ECB Lagarde: Bigger Global Role for Euro May Take Policy Measures, Reform Efforts

2 June 2021

By David Barwick – FRANKFURT (Econostream) – The fact that the euro’s international importance, though not high, emerged unscathed from the turbulence of 2020 may indicate that a larger global role for the common currency could only be the result of additional policies and reforms, according to European Central Bank President Christine Lagarde on Wednesday.

In the foreword to the ECB’s latest report on the international role of the euro, Lagarde said that despite the pandemic and its economic and policy impact, ‘these developments did not result in a significant change in the international role of the euro.’

This resilience contrasts with the experience of the sovereign debt crisis, she noted, and ‘may reflect the effectiveness of the unprecedented policy support measures and coordinated approach that have prevailed in the euro area during the COVID-19 crisis.’

‘At the same time, the fact that the global appeal of the euro remains broadly stable at a low level suggests that only further resolute policy measures and reform efforts would enable the euro to realise its global potential’, she said.

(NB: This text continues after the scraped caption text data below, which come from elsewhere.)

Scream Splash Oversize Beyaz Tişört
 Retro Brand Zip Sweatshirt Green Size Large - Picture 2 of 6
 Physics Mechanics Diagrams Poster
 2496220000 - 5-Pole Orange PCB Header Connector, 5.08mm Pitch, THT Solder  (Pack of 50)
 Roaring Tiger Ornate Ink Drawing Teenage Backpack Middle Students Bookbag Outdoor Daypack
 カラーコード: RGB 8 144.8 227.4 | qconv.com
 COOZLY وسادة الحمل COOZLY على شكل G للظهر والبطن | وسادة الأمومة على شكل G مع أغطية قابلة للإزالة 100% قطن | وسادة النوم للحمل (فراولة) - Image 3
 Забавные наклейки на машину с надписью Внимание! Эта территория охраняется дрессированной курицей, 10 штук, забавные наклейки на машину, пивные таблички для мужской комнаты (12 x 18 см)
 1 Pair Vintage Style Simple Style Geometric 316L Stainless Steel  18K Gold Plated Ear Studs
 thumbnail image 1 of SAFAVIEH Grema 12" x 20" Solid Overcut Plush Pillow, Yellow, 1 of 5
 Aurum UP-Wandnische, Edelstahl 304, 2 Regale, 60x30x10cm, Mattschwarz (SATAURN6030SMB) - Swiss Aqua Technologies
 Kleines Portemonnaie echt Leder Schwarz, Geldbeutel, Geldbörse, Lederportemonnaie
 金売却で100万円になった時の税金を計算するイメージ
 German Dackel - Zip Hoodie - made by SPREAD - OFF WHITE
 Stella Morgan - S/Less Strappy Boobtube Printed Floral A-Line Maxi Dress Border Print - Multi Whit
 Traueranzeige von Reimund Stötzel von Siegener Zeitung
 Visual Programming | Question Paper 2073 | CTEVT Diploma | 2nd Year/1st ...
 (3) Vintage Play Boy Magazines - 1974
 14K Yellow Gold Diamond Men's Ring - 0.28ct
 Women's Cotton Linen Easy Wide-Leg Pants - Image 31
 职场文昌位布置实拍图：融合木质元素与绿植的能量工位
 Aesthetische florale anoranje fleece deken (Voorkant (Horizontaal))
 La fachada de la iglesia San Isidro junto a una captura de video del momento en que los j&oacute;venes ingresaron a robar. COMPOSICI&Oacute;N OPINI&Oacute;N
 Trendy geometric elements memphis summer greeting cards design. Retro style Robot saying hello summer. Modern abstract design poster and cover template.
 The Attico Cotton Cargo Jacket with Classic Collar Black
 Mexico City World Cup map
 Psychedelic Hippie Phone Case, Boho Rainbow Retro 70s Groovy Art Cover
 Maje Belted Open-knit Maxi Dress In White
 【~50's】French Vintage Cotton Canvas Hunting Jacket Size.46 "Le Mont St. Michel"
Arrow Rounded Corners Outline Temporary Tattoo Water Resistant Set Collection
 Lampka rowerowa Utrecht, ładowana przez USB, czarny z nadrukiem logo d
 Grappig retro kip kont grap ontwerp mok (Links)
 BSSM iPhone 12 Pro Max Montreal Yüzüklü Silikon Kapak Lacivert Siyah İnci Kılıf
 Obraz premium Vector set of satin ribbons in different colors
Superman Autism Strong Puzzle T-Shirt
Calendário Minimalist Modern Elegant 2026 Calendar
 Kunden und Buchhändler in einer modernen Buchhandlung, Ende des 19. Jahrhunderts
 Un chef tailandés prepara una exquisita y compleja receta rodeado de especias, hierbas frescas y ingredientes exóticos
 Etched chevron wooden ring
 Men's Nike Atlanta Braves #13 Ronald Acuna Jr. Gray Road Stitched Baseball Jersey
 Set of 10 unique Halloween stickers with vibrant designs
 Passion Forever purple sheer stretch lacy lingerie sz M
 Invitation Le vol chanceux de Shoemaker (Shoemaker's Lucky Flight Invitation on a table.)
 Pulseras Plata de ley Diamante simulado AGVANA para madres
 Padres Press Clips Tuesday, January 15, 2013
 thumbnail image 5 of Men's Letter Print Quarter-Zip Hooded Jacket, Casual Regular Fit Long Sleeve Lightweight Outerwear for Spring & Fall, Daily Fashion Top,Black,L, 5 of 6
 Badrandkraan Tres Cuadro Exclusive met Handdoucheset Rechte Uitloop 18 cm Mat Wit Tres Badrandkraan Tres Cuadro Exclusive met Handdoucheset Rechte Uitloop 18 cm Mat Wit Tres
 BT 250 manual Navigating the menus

According to the report, a composite index measuring the currency’s global role in 2020 shed 0.3 percentage points after adjustment for exchange rate valuation effects and was unchanged on an unadjusted basis.

The share of the euro across various indicators of international currency use was close to historical lows, averaging around 19%’, the report said. ‘The euro remained unchallenged as the second most important currency in the international monetary system.’

The euro’s share of foreign exchange reserves worldwide dropped 0.7 percentage points, with the dollar’s share stable, the report said. Relatively low euro area interest rates may have dissuaded euro-denominated bond holdings, it said.

As a percentage of debt issued in foreign currency, the euro’s share was down two points, according to the report. Lower risk aversion in the third quarter, along with favourable financing conditions, sparked higher issuance by emerging markets that tend to issue in dollars, the report noted.

The euro’s share of international deposits also fell last year, by about 3 percentage points, versus what the ECB called a sizeable increase for the dollar. This was partly because non-bank financial institutions sold less liquid assets after the outbreak of the pandemic and deposited the proceeds in dollar accounts, the report said.

Demand for euro banknotes outside the euro area contracted by about two percentage points, while euro-denominated transactions outside the region were only half the previous level as countries closed their borders in a response to the pandemic, according to the report.

Other indicators of the international use of the euro held up better, the report said, citing its share of international loans by banks outside the euro area to non-euro area borrowers; its use as an invoicing currency for extra-euro area imports of goods; its role in international debt securities; and green bond issuance, over half of which was in euros.